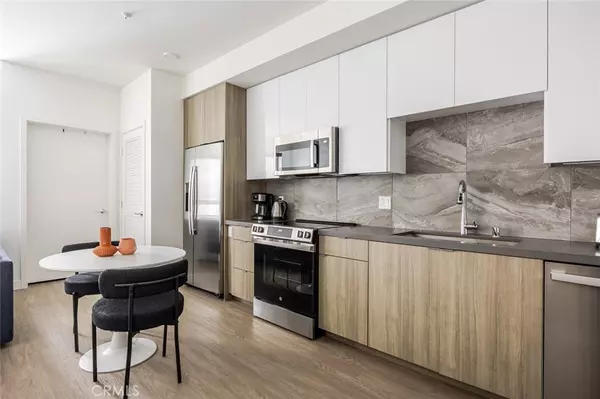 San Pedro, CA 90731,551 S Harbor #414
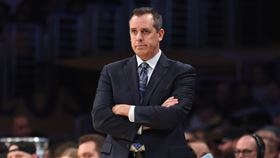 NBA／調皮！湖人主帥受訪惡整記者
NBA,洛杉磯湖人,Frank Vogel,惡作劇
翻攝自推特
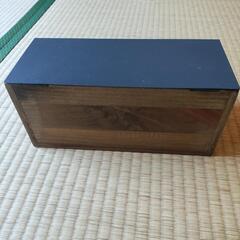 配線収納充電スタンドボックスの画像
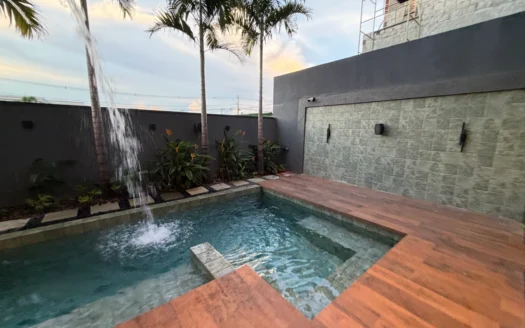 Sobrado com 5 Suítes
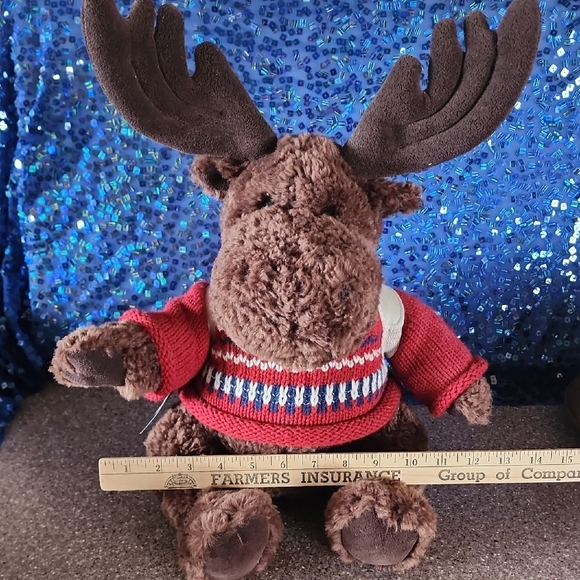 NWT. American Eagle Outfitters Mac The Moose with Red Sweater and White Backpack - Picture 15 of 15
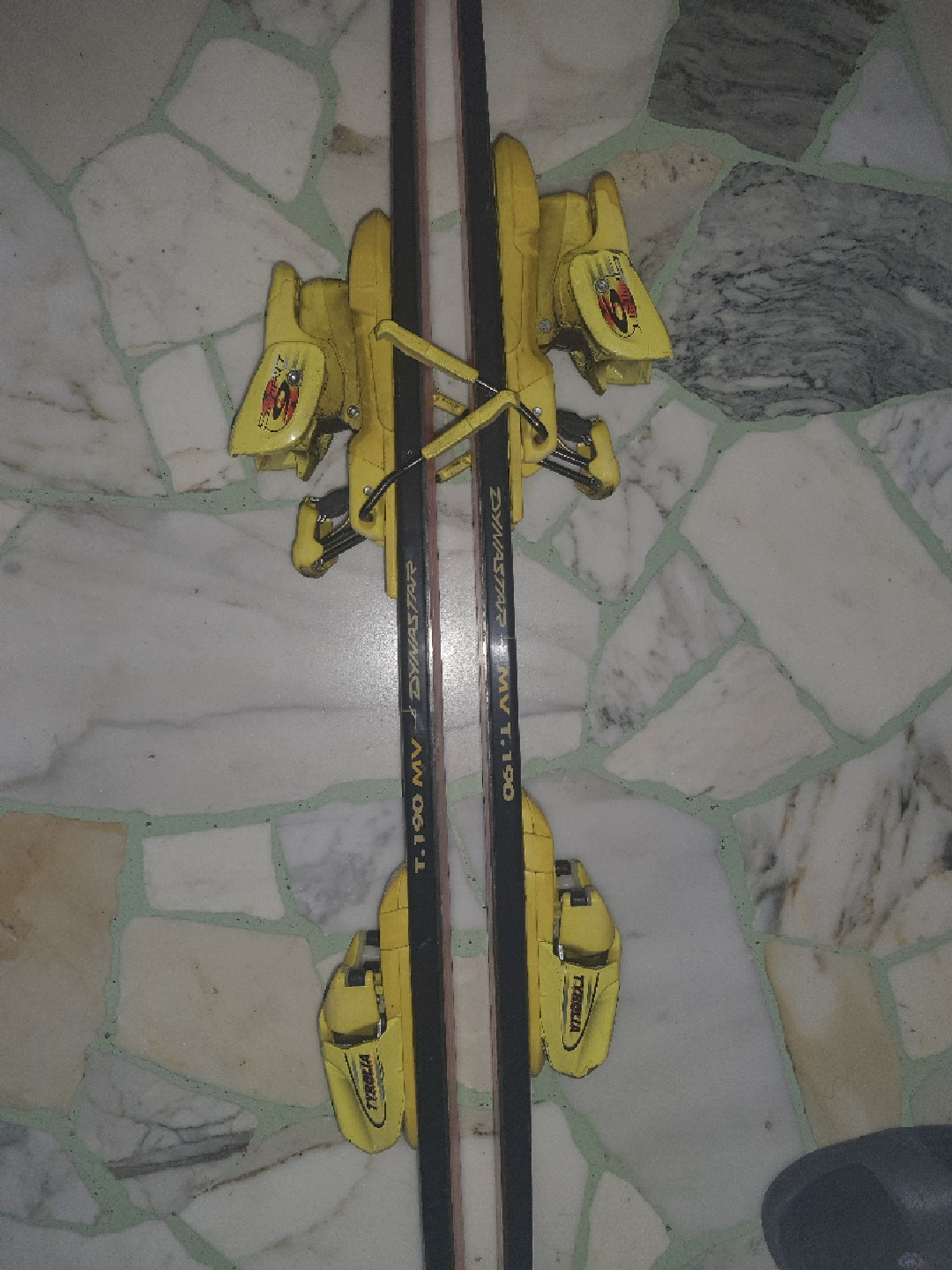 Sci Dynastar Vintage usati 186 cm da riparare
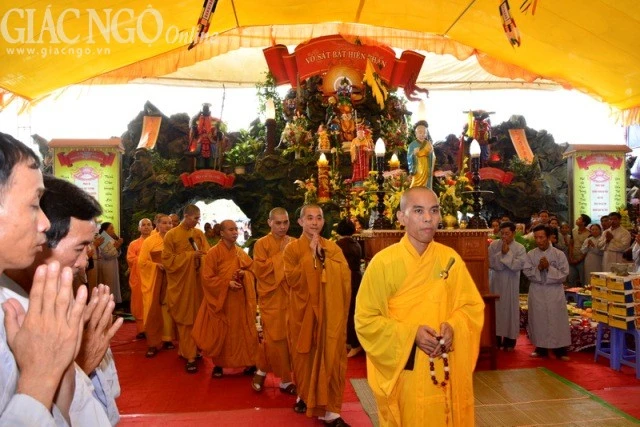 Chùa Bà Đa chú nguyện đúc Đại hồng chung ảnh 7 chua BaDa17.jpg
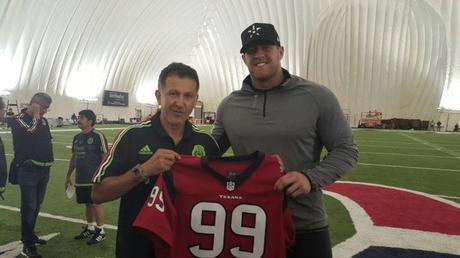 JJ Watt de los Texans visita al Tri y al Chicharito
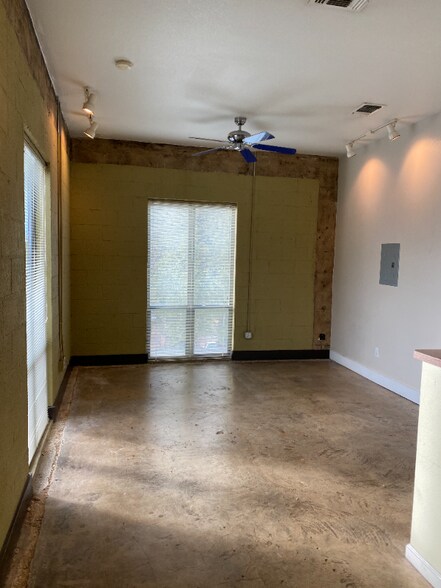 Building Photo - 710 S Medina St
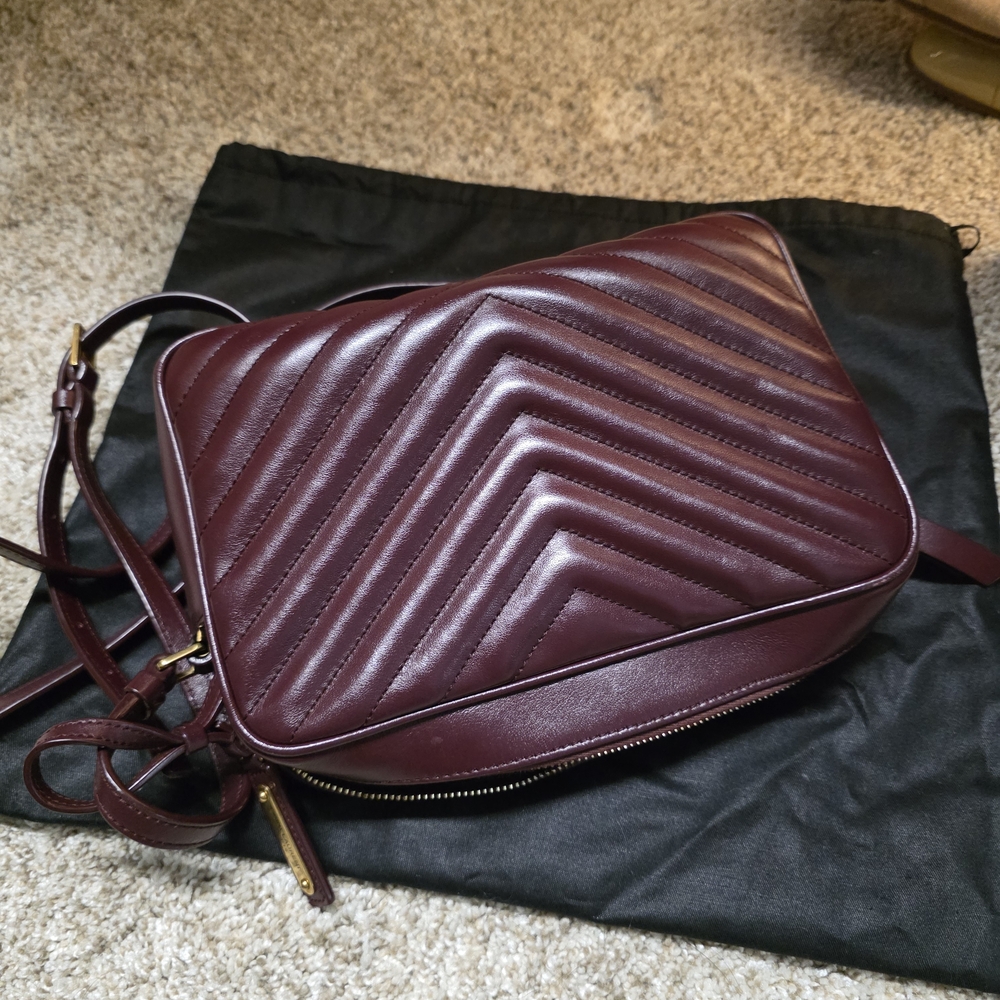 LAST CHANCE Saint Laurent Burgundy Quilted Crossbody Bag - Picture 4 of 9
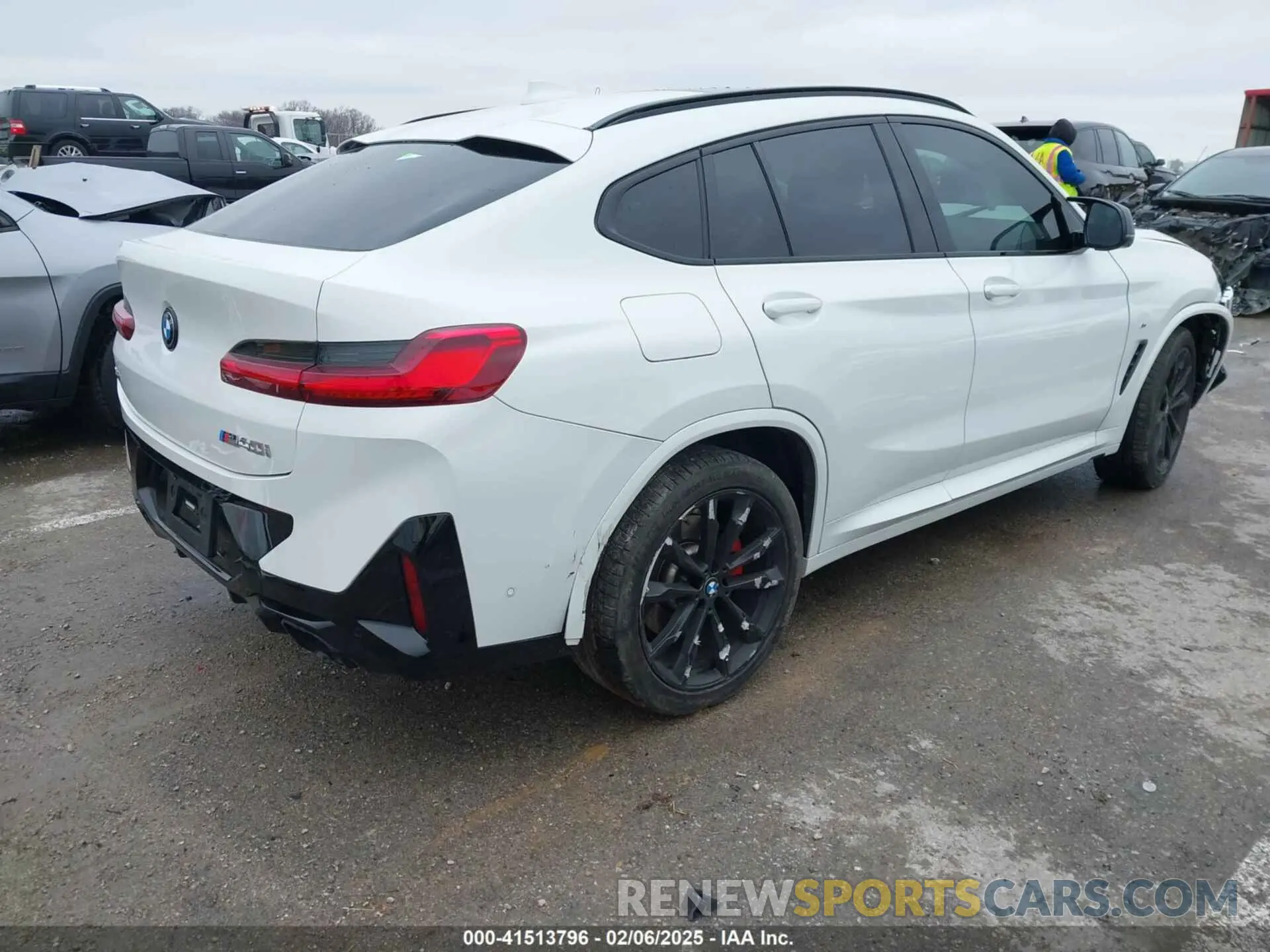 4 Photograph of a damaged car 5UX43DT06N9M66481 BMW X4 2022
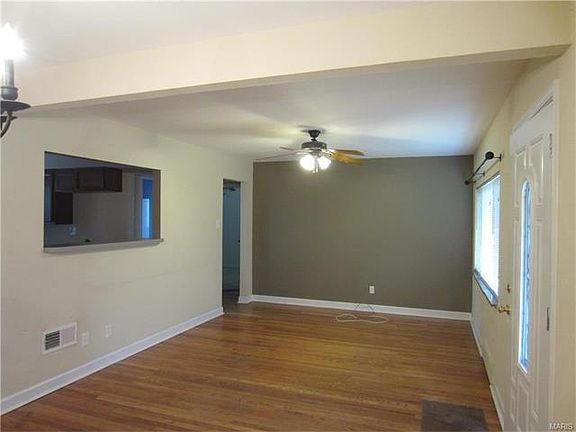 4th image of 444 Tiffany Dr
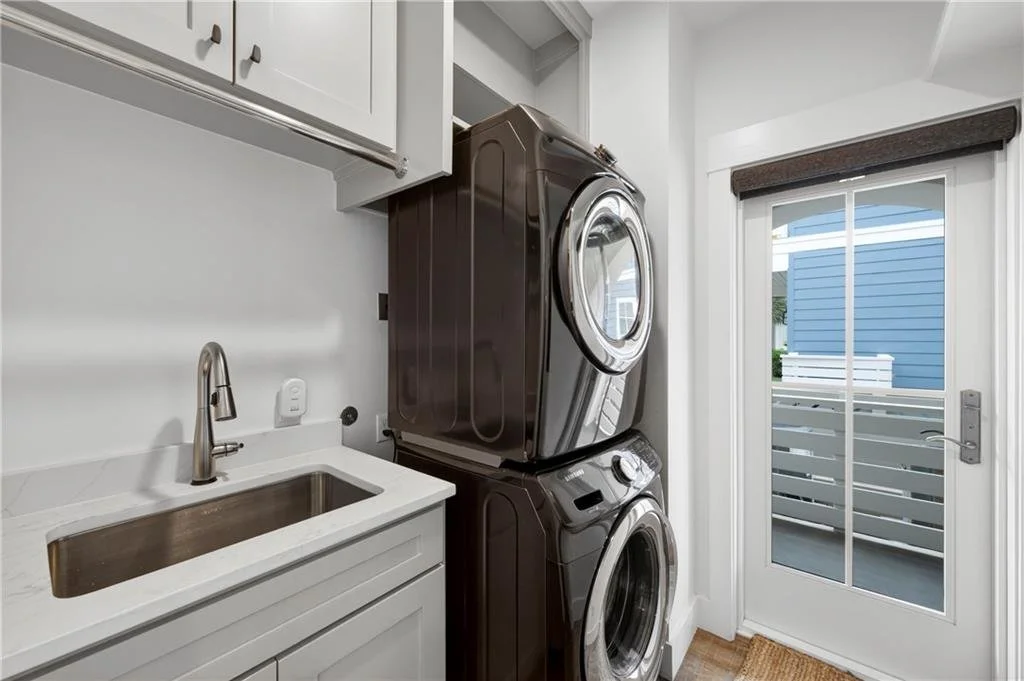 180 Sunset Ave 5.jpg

- **Exercise goal**
Transcribe exactly the portion of the material above that runs from the line containing "NBA／調皮！湖人主帥受訪惡整記者" through its last line, omitting all pictures.

- **Output for this exercise**
 NBA／調皮！湖人主帥受訪惡整記者
NBA,洛杉磯湖人,Frank Vogel,惡作劇
翻攝自推特
 配線収納充電スタンドボックスの画像
 Sobrado com 5 Suítes
 NWT. American Eagle Outfitters Mac The Moose with Red Sweater and White Backpack - Picture 15 of 15
 Sci Dynastar Vintage usati 186 cm da riparare
 Chùa Bà Đa chú nguyện đúc Đại hồng chung ảnh 7 chua BaDa17.jpg
 JJ Watt de los Texans visita al Tri y al Chicharito
 Building Photo - 710 S Medina St
 LAST CHANCE Saint Laurent Burgundy Quilted Crossbody Bag - Picture 4 of 9
 4 Photograph of a damaged car 5UX43DT06N9M66481 BMW X4 2022
 4th image of 444 Tiffany Dr
 180 Sunset Ave 5.jpg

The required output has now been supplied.